#### Try it
Every line from the one holding "Aimer comme un" through the one holding "Jesus Listens for" in the data below must be returned exactly, both ends included, with pictures left out and nothing else added.

The input START

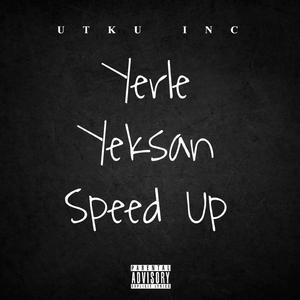 Yerle Yeksan Speed Up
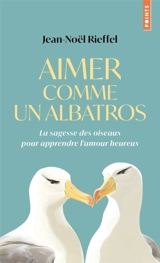 Aimer comme un albatros : la sagesse des oiseaux pour apprendre l'amour heureux - Jean-Noël Rieffel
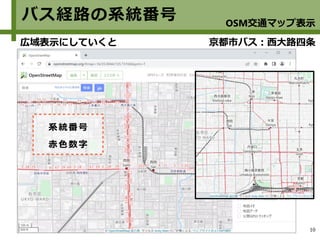 10
バス経路の系統番号
広域表示にしていくと 京都市バス：西大路四条
系統番号
赤色数字
OSM交通マップ表示
 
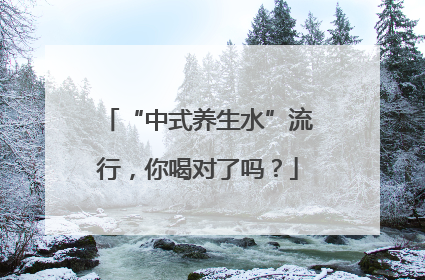 “中式养生水”流行，你喝对了吗？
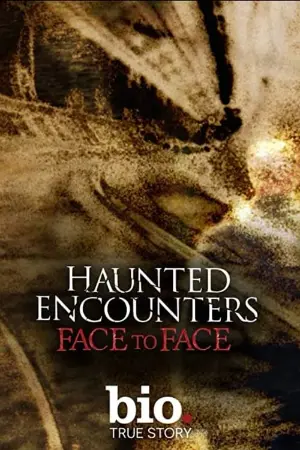 Haunted Encounters: Face to Face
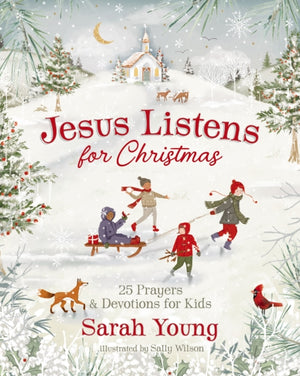 Jesus Listens for Christmas, 25 Prayers and Devotions for Kids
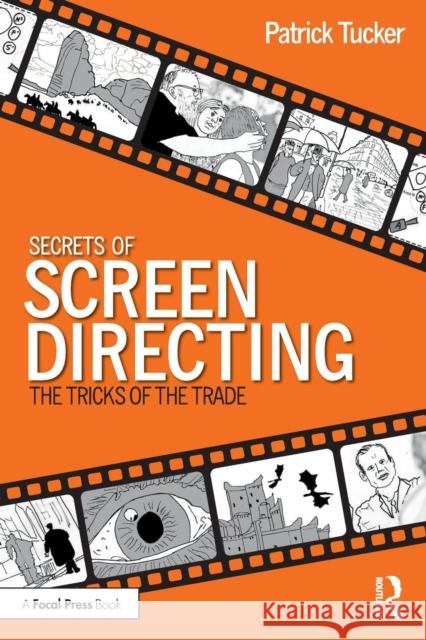 Secrets of Screen Directing: The Tricks of the Trade Patrick Tucker 9780367137441 Routledge - książka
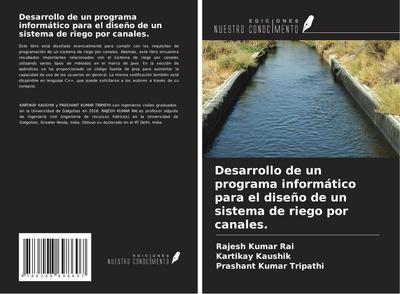 Desarrollo de un programa informático para el diseño de un sistema de riego por canales.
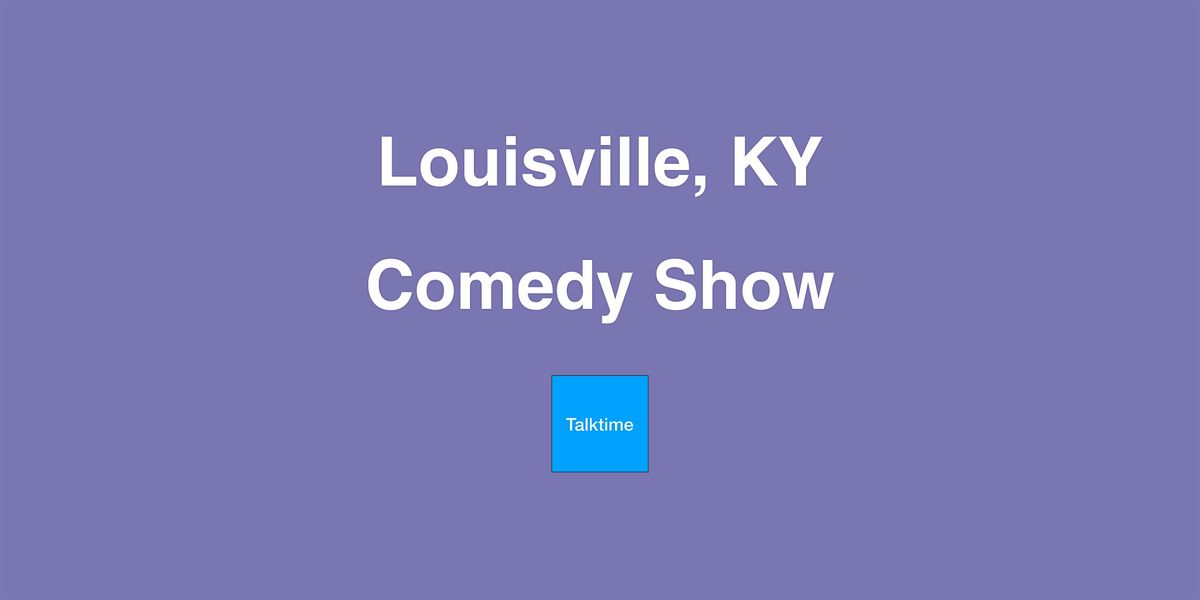 Comedy Show - Louisville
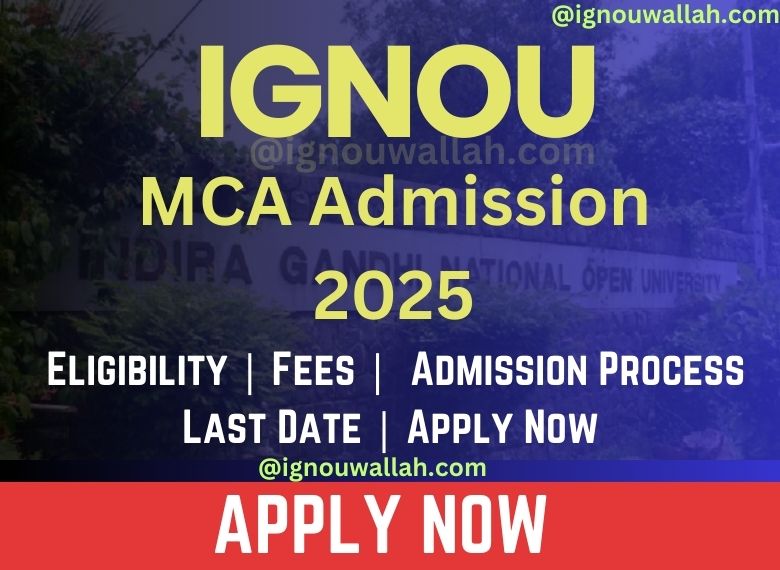 IGNOU MCA Admission 2025: Syllabus, Eligibility, Fee, Application Form & Last Date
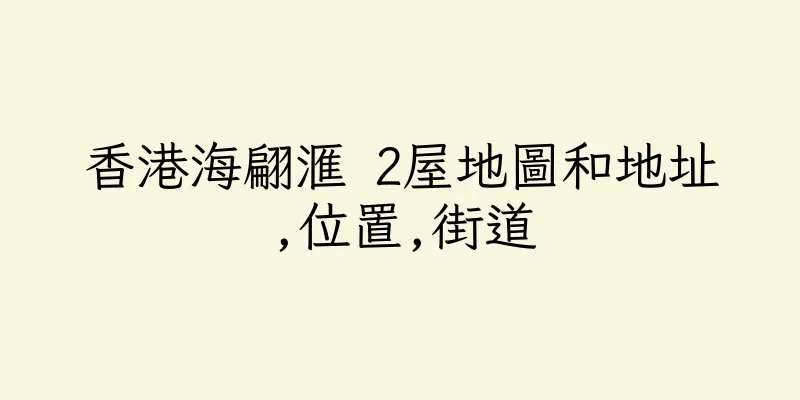 香港海翩滙 2屋地圖和地址,位置,街道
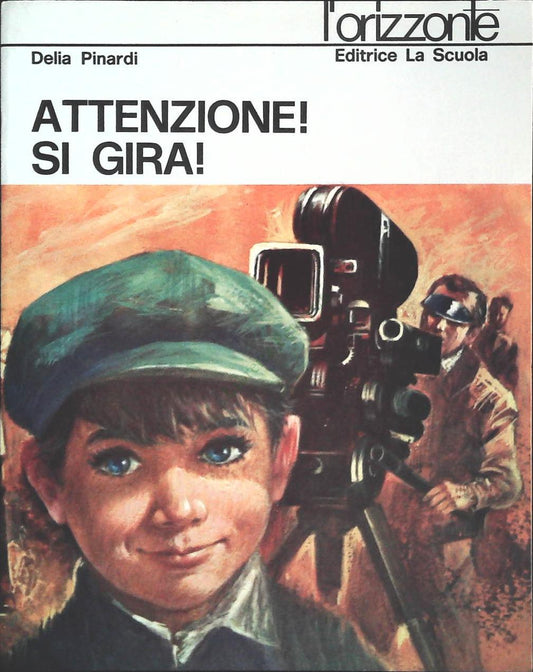 ATTENZIONE SI GIRA - DELIA PINARDI - LA SCUOLA 1972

The input END

#### Output of the exercise
 Aimer comme un albatros : la sagesse des oiseaux pour apprendre l'amour heureux - Jean-Noël Rieffel
 10
バス経路の系統番号
広域表示にしていくと 京都市バス：西大路四条
系統番号
赤色数字
OSM交通マップ表示
 
 “中式养生水”流行，你喝对了吗？
 Haunted Encounters: Face to Face
 Jesus Listens for Christmas, 25 Prayers and Devotions for Kids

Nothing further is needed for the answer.